Originally, Disney was developing a sequel titled Shards of Chaos, but it was abandoned once The Lost Empire was less successful than anticipated. The released sequel consists of three segments, which are "Kraken", "Spirit of the West" and "Spear of Destiny". They were originally meant to be episodes of a series that was never completed called Team Atlantis. Some additional animation was done to link the stories more closely.

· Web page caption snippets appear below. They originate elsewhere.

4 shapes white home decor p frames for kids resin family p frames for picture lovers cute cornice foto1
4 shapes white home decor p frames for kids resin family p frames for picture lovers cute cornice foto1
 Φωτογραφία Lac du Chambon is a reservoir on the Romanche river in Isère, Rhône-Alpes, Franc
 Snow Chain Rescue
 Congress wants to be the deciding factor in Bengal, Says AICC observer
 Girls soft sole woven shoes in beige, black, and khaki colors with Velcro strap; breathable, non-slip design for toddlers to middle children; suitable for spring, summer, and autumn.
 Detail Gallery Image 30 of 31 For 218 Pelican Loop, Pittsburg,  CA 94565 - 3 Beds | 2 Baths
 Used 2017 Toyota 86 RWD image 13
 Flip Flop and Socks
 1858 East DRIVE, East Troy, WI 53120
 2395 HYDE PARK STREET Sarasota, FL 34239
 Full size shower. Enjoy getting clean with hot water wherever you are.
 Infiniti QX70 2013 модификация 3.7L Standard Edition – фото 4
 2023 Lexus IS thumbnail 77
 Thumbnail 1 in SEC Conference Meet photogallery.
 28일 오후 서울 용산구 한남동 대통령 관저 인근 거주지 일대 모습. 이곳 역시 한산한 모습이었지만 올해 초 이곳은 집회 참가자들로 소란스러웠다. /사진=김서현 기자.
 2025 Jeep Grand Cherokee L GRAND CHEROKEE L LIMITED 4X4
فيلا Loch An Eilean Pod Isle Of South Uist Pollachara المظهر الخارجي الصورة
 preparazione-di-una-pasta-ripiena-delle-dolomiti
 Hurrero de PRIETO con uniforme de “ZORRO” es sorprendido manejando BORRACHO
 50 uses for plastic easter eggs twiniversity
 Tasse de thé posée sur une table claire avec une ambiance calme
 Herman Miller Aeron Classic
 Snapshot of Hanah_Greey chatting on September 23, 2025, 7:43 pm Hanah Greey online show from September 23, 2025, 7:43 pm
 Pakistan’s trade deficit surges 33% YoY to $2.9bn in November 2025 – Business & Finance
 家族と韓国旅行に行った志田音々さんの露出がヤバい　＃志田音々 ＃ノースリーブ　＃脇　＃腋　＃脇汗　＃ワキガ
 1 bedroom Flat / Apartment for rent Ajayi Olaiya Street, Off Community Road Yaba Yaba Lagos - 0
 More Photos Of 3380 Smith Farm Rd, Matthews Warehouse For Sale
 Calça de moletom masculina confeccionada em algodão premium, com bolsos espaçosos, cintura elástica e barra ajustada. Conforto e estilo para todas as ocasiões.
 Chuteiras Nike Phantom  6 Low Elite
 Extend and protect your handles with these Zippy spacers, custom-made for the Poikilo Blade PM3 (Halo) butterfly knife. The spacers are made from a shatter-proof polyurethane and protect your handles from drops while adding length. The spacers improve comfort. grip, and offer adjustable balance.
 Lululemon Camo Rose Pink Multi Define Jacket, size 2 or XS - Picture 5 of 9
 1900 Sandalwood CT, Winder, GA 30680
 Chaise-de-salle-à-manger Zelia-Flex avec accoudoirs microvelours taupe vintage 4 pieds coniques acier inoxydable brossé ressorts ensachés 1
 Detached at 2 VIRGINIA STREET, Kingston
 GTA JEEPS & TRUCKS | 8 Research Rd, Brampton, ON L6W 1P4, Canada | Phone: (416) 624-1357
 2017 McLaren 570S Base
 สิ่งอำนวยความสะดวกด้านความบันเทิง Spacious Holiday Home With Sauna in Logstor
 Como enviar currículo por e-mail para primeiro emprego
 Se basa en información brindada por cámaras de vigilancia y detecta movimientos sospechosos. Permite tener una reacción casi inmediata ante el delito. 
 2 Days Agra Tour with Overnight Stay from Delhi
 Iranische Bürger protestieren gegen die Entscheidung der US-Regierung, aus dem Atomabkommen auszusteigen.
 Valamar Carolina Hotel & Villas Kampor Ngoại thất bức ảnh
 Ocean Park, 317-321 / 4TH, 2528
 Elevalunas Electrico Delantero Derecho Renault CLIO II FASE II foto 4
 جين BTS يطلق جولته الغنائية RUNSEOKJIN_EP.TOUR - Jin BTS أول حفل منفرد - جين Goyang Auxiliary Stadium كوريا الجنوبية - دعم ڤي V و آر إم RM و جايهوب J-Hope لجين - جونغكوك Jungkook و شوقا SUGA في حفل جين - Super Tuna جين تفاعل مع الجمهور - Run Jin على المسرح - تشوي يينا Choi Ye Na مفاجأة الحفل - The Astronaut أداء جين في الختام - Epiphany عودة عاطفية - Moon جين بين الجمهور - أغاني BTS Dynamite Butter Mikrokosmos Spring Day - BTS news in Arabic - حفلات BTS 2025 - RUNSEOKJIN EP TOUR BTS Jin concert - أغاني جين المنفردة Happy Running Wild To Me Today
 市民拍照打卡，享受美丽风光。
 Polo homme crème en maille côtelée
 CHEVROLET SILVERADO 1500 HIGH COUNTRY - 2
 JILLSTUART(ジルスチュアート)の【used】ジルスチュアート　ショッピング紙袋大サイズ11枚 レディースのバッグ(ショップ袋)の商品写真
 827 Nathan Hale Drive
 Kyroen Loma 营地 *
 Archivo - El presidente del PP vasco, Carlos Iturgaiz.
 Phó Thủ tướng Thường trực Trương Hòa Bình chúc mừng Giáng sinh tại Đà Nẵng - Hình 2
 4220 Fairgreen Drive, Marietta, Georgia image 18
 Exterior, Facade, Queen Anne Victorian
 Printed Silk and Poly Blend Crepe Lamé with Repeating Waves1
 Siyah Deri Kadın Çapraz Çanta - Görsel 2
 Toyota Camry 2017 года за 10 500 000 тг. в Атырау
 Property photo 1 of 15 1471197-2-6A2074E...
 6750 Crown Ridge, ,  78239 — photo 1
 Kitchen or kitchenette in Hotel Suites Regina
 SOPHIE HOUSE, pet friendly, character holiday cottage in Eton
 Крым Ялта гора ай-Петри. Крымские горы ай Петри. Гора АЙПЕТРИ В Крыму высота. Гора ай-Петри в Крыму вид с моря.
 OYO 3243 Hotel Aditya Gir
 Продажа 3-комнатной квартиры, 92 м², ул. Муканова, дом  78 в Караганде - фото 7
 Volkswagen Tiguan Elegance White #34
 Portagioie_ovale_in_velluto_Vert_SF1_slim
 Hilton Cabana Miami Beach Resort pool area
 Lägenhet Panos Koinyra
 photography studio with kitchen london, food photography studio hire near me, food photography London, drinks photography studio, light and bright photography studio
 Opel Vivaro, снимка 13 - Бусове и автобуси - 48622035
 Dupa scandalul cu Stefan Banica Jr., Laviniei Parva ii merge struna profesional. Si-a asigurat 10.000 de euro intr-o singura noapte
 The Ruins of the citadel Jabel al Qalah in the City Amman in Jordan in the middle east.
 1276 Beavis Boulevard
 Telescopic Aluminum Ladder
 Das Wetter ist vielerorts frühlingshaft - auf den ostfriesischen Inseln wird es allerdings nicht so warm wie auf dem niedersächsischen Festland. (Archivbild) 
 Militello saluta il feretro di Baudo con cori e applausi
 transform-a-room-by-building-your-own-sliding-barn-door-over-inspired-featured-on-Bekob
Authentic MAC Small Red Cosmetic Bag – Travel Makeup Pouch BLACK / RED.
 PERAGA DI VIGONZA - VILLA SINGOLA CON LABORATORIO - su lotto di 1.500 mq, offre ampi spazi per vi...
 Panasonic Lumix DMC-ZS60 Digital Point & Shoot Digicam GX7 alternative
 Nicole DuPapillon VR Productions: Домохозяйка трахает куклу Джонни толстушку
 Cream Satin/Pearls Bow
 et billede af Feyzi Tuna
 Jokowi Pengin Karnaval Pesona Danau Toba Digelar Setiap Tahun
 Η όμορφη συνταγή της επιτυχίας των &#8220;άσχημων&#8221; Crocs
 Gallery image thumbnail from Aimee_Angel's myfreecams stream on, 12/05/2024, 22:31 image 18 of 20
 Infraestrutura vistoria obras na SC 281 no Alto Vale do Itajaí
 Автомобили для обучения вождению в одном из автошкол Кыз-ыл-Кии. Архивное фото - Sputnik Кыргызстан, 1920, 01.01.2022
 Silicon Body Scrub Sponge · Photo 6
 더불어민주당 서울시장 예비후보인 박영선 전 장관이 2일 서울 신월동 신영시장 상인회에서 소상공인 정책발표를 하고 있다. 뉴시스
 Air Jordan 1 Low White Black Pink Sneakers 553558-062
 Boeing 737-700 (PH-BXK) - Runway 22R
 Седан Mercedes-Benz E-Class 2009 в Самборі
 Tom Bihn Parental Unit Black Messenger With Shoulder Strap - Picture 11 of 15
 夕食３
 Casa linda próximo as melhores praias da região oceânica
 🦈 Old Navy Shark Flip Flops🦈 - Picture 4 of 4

Cree Summer (Kida), Corey Burton (Mole), Don Novello (Vinny), Phil Morris (Dr. Sweet), Jacqueline Obradors (Audrey), John Mahoney (Mr. Whitmore), and Florence Stanley (Mrs. Packard) all reprise their roles from the first film, with James Arnold Taylor replacing Michael J. Fox as Milo and Steve Barr replacing Jim Varney, who died before the first film finished production, as Cookie. This is Stanley's final film; she died months after production ended.

Plot
After the decline in Atlantean culture following the sinking, Kida, now Queen Regnant and married to Milo Thatch, now Prince Consort, are using the heart of Atlantis to restore the city's former glory. Suddenly, Milo's comrades and Mr. Whitmore arrive in Atlantis; while their arrival is unexpected, the Atlanteans welcome their old friends. Unfortunately, they have come to inform them of a mysterious creature causing trouble on the surface. Kida suspects that the creature might be Atlantean, stirring mixed feelings about her father's decision to keep the Crystal hidden.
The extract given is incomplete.